The preliminary reports from yesterday's BMA showed only 4% blast cells, which seems great to me that it went down a percent since last Friday. We are going to have to wait to hear the word remission, however. They confirmed that they could not get enough marrow to do the analysis that would enable them to declare remission. Apparently, this is a fairly common issue with kids who are receiving chemo. They are not going to put James through the BMA again until the 28th day of treatment. (August 9) I am sure the results would not be done until the following Monday August 13th or so, just to give you a general idea. I am sure that is subject to change. Until then, we will be faithful to pray that they are able to get enough marrow to do the analysis and that upon completing it we reach the milestone in James' treatment where he is declared in remission. Then he would be able to move into the next phase of his treatment.

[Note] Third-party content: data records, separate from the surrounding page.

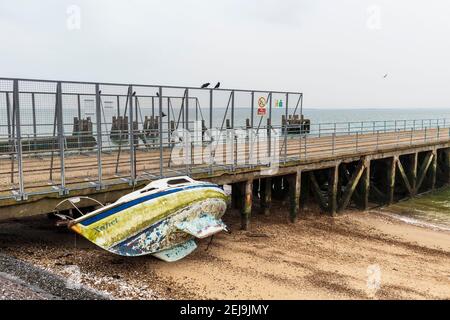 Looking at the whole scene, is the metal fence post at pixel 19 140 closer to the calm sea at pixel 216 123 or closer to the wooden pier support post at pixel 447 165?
the calm sea at pixel 216 123

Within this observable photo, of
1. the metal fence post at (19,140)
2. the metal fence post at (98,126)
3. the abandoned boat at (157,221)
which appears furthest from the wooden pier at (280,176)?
the abandoned boat at (157,221)

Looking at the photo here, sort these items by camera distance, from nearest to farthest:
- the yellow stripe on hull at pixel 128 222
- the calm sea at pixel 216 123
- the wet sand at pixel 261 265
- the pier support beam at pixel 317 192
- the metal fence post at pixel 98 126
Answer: the wet sand at pixel 261 265 < the yellow stripe on hull at pixel 128 222 < the metal fence post at pixel 98 126 < the calm sea at pixel 216 123 < the pier support beam at pixel 317 192

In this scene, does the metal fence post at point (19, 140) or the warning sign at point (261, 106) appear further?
the warning sign at point (261, 106)

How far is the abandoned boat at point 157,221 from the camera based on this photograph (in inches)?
331

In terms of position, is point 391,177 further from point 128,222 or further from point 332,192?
point 128,222

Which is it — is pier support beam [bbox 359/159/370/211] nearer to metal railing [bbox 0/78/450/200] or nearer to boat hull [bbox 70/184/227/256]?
metal railing [bbox 0/78/450/200]

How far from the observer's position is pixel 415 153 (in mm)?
20109

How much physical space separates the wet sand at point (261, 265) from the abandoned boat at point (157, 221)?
1.57 feet

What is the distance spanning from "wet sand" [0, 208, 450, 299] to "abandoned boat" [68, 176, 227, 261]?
1.57ft

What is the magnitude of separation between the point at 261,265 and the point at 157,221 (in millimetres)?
2665

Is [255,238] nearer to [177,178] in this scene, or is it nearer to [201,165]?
[201,165]

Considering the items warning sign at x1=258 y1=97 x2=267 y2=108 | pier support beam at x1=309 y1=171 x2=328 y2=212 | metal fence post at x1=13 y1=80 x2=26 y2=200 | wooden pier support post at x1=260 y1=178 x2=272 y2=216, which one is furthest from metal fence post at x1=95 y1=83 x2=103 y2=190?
pier support beam at x1=309 y1=171 x2=328 y2=212

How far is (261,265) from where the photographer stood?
977cm

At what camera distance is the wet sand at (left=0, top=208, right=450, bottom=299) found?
8227mm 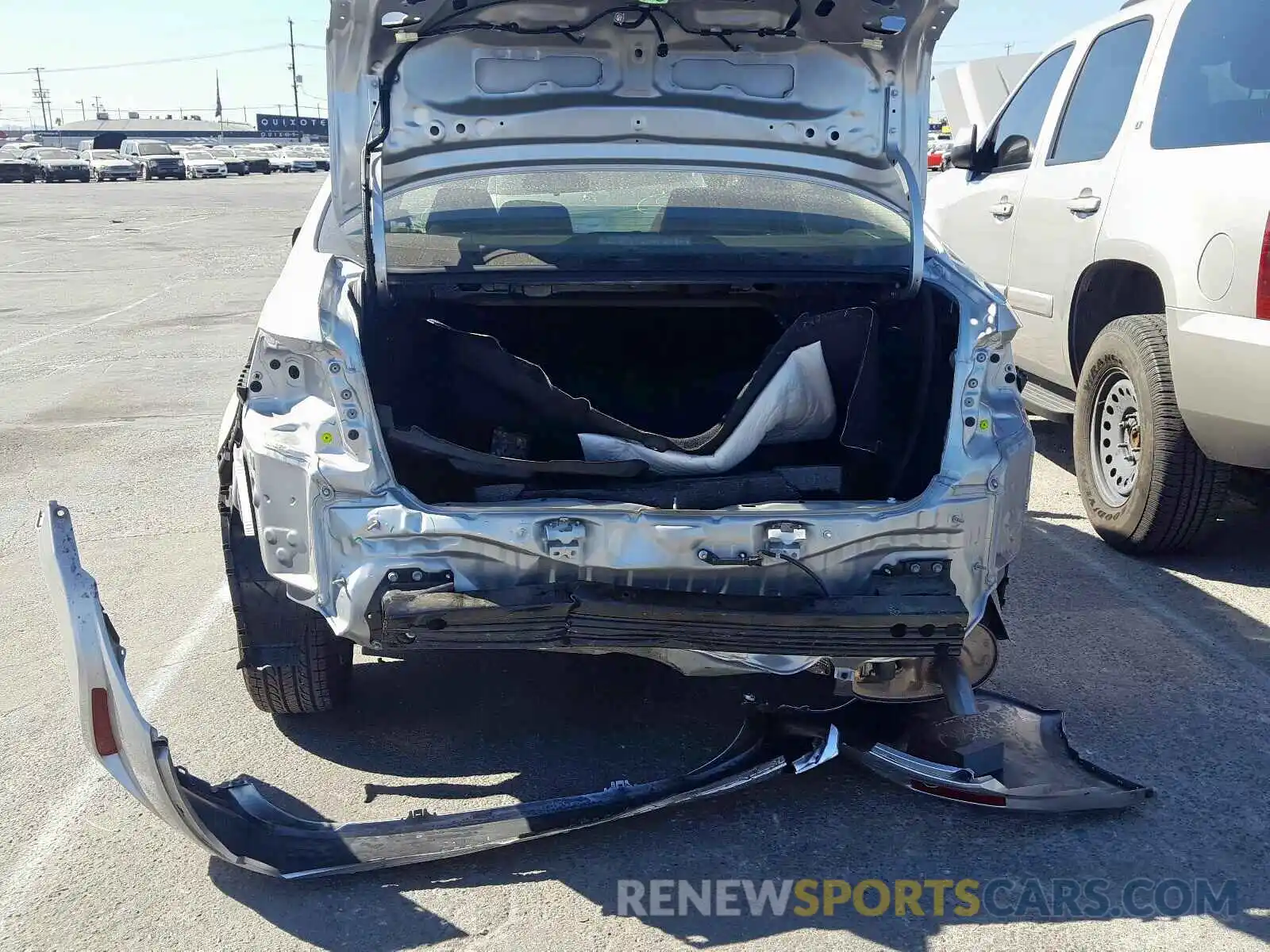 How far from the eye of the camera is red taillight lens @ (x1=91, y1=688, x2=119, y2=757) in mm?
2684

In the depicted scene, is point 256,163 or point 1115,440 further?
point 256,163

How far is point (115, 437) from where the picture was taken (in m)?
7.30

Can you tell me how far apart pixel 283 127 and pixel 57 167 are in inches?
2513

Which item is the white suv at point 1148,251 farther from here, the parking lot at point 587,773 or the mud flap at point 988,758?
the mud flap at point 988,758

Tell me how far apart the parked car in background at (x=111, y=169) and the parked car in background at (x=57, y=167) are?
0.35 metres

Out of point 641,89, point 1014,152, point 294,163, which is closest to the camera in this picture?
point 641,89

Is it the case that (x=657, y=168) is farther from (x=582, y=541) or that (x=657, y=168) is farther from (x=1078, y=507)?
(x=1078, y=507)

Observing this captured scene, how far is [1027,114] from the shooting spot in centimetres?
639

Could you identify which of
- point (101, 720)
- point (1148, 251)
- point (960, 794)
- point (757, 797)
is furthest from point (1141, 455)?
point (101, 720)

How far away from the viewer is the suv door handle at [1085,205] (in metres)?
5.26

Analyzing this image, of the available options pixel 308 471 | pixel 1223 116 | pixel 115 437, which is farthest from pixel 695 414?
pixel 115 437

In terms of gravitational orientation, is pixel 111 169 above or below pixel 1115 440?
below

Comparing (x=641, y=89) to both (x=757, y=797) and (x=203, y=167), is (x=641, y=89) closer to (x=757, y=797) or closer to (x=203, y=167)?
(x=757, y=797)

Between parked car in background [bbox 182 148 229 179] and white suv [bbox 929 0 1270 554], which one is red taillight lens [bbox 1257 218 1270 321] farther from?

I Thessalonians 5:17 (NLT)
Keep on praying!

Thursday, July 26, 2007

Thursday's Clinic Visit

It is almost noon and I just heard from Joy. They are on their way home from MDA. James seems to have a sixth sense about clinic visits and decides to start protesting the night before. He was up every couple of hours last night and was quite a bear this morning. I am sure not being able to eat or drink play into that big time. It is a nice day for a nap with the rain clouds outside, so join me in praying that they can all get a good rest in this afternoon.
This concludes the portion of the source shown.